Google today open-sourced the speech engine that powers its Android speech recognition transcription tool Live Transcribe. The company hopes doing so will let any developer deliver captions for long-form conversations. The source code is available now on GitHub.
Google released Live Transcribe in February. The tool uses machine learning algorithms to turn audio into real-time captions. Unlike Android’s upcoming Live Caption feature, Live Transcribe is a full-screen experience, uses your smartphone’s microphone (or an external microphone), and relies on the Google Cloud Speech API. Live Transcribe can caption real-time spoken words in over 70 languages and dialects. You can also type back into it — Live Transcribe is really a communication tool. The other main difference: Live Transcribe is available on 1.8 billion Android devices. (When Live Caption arrives later this year, it will only work on select Android Q devices.)
Working around the cloud
Google’s Cloud Speech API currently does not support sending infinitely long streams of audio. Additionally, relying on the cloud means potential problems in the areas of network connections, data costs, and latency.
As a result, the speech engine closes and restarts streaming requests prior to hitting the timeout, including restarting the session during long periods of silence and closing whenever there is a detected pause in the speech. In between sessions, the speech engine also buffers audio locally and sends it upon reconnection. Google thus avoids truncated sentences or words, and reduces the amount of text lost mid-conversation.
To reduce bandwidth requirements and costs, Google also evaluated different audio codecs: FLAC, AMR-WB, and Opus. FLAC (a lossless codec) preserves accuracy, doesn’t save much data, and has noticeable codec latency. AMR-WB saves a lot of data but delivers worse accuracy in noisy environments. Opus, meanwhile, allows data rates many times lower than most music streaming services while still preserving the important details of the audio signal. Google also uses speech detection to close the network connection during extended periods of silence. Overall, the team was able to achieve “a 10x reduction in data usage without compromising accuracy.”

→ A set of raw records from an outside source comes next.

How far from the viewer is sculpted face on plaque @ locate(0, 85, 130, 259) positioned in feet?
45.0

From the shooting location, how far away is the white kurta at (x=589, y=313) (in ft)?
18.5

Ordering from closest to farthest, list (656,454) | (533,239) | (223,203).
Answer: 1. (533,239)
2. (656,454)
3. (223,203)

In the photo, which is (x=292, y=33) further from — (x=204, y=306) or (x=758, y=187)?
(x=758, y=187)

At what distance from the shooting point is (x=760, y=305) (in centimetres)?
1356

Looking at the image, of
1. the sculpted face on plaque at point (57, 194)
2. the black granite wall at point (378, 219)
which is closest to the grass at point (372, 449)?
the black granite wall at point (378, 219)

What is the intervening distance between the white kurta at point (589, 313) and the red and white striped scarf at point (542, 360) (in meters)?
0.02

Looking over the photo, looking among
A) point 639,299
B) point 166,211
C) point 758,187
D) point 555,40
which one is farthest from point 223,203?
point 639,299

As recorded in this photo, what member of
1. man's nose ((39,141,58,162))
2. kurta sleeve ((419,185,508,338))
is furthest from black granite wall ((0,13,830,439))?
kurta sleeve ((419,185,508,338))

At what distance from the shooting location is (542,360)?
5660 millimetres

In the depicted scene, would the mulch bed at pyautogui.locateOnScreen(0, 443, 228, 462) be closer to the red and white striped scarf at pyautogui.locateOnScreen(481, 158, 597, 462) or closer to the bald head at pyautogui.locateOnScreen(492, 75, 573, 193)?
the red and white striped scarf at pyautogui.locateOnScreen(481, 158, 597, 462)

To reduce latency even further than the Cloud Speech API already does, Live Transcribe uses a custom Opus encoder. The encoder increases bitrate just enough so that “latency is visually indistinguishable to sending uncompressed audio.”
Live Transcribe speech engine features
Google lists the following features for the speech engine (speaker identification is not included):
- Infinite streaming.
- Support for 70+ languages.
- Robust to brief network loss (when traveling and switching between network and Wi-Fi). Text is not lost, only delayed.

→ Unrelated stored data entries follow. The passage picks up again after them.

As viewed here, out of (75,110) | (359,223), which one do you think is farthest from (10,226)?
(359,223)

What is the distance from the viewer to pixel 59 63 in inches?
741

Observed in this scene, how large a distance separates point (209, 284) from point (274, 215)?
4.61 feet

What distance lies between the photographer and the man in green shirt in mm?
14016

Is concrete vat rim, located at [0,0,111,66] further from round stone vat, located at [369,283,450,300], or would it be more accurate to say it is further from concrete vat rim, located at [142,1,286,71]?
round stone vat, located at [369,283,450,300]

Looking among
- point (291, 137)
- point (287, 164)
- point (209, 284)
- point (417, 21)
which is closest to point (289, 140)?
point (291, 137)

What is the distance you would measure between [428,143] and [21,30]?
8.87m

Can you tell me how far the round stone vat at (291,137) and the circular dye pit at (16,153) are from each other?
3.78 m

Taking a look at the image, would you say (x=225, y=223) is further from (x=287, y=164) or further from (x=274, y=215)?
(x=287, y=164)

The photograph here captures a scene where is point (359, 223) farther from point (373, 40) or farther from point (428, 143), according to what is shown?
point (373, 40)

- Robust to extended network loss. Will reconnect again even if network has been out for hours. Of course, no speech recognition can be delivered without a connection.
- Robust server errors.
- Opus, AMR-WB, and FLAC encoding can be easily enabled and configured.
- Contains a text formatting library for visualizing ASR confidence, speaker ID, and more.

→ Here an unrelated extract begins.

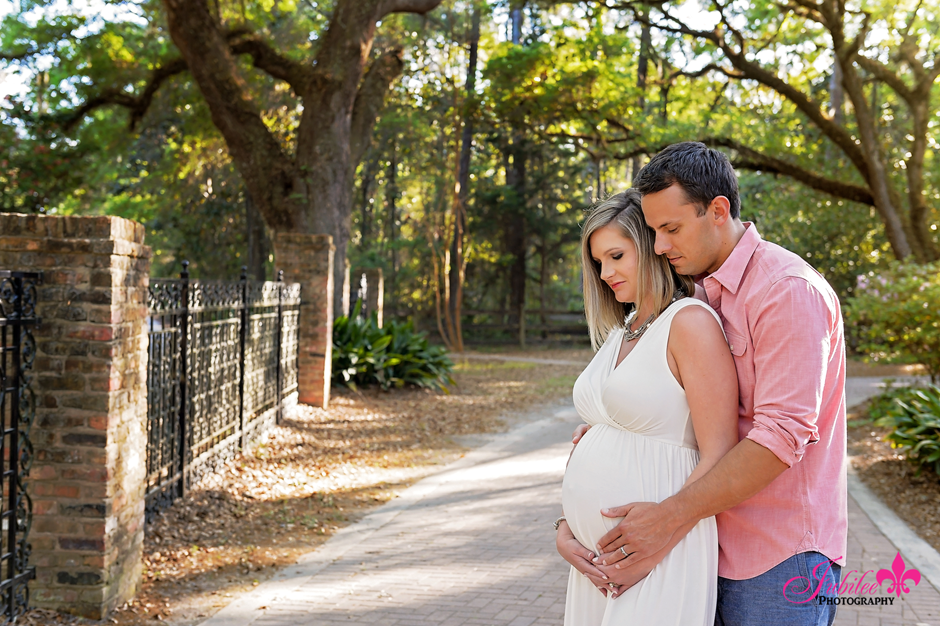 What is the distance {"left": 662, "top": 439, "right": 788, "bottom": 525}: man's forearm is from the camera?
1963mm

- Extensible to offline models.
- Built-in support for speech detectors, which can be used to stop ASR during extended silences to save money and data.
- Built-in support for speaker identification, which can be used to label or color text according to speaker number.
The documentation states that the libraries are “nearly identical” to those running in the production application Live Transcribe. Google has “extensively field tested and unit tested” them, but the tests themselves were not open-sourced. But, Google does offer APKs so that you can try out the library without building any code.